Myths about the GDPR debunked
If you have made it this far, then you are woke fahm. From the administrative side of the website, I commend you. If I was not a blogger, I would probably be ignorant about GDPR too. Even more so if I was not in the European Union, which I am not by the way. In my quest to find out more about these regulations I came across many ‘facts’ that I now know are false or half true.
- Half Truth: GDPR affects EU citizens and processors of personal data only.
- Fact: GDPR affects everyone- all processors of personal data worldwide and visitors who benefit due to this inclusion
- Half Truth: GDPR affects only big companies with a presence in the EU.
- Fact: If you have even one subscriber to your blog from the EU, it applies to you as well.
- Half Truth: I can just block persons from the region from accessing my site and forego GDPR.
- Fact: There is already a proposed bill that will ban geographical discrimination. You are just postponing the problem.
- Half Truth: I need a lawyer conversant with EU law to be fully compliant under that law.
- Fact: No, you do not. There are measures in place to make you compliant saving you thousands in legal fees.
What GDPR means for non-EU citizens
Being a citizen of a country that is not a member of the European Union or those that left (Brexit) is beside the point. You should take charge of the information you provide to websites you visit. There are thousands of blogs mushrooming everywhere all the time. In fact, WordPress estimates that 27.5% websites use it which totals to a whopping 75 million websites. Imagine leaving your information on all these websites which are extremely easy to open?
While most blogs are there to provide information, some may be there to collect. And if they do it without informing you then this is a breach of personal data privacy. The internet is a goldmine. Unfortunately, anyone can mine, even those with fishy intentions. And even if you are careful, your favourite websites may be hacked. My personal favourites are HuffPost by Arianna Huffington and Forbes. As acclaimed websites, them being compliant is an advantage to non-EU citizens.
If all these three reasons are not appealing then just think of the intelligent conversations GDR can start. It’s the millennial version of talking about weather… because who has time to actually go out when you can order everything from the comfort of your floral duvet in a vanilla scented room?
Breeches and fines by GDPR
As a consumer, fines and breeches are not really something you should be overly concerned about.

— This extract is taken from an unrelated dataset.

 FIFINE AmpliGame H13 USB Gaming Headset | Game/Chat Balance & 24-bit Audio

But just in case you need facts for amazing conversations- processors of data who breach it may incur costs of up to £20m or 4% of their annual corporate turnover, whichever is more. It is also paramount to note that this law replaces the 1995 Data Protection Directive.

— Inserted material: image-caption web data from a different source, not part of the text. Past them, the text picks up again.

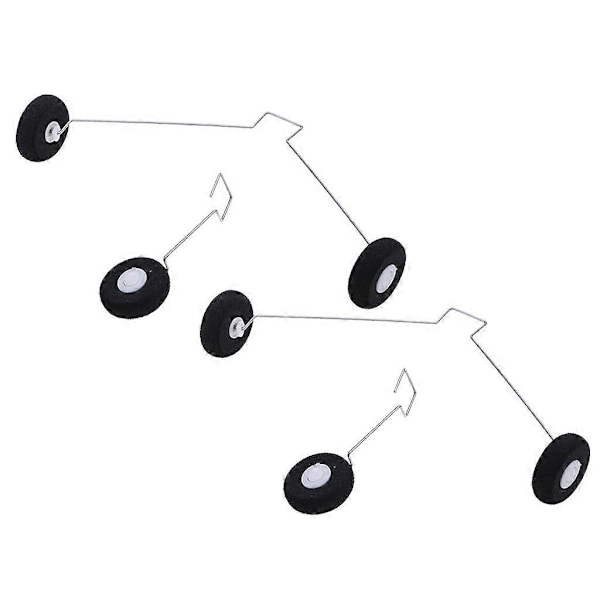 4x RC Flygplans Landningsställ Fäste Med Hjul för WLtoys F949 Tillbehör[HK]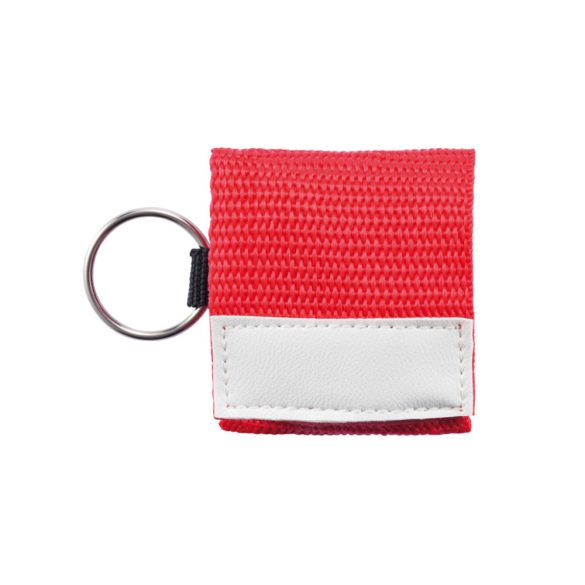 Keychain CPR mask, red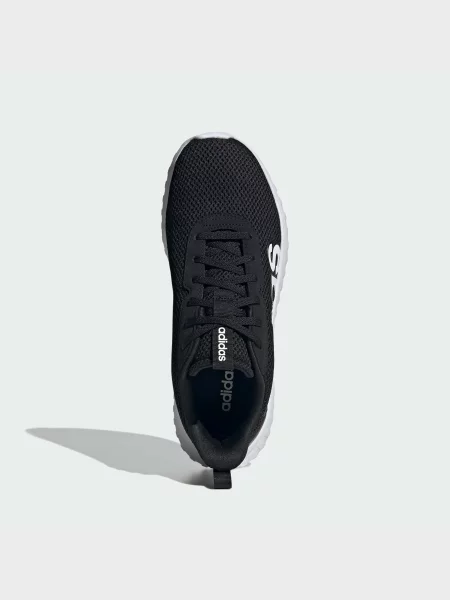 Кожаные кроссовки Adidas черные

This is the 21st century. you cannot claim ignorance as a response to crimes related to your personal data. The most common mistake is consenting to popups without knowing what you are subscribing to. Protect your personal information and control the essentials you need for a maximized user experience. The GDPR enables you to do that and while this is commendable, it is pointless if you do not understand it. I admit am learning more about it every day. Learn as much as you can, and when you think you are done, learn some more.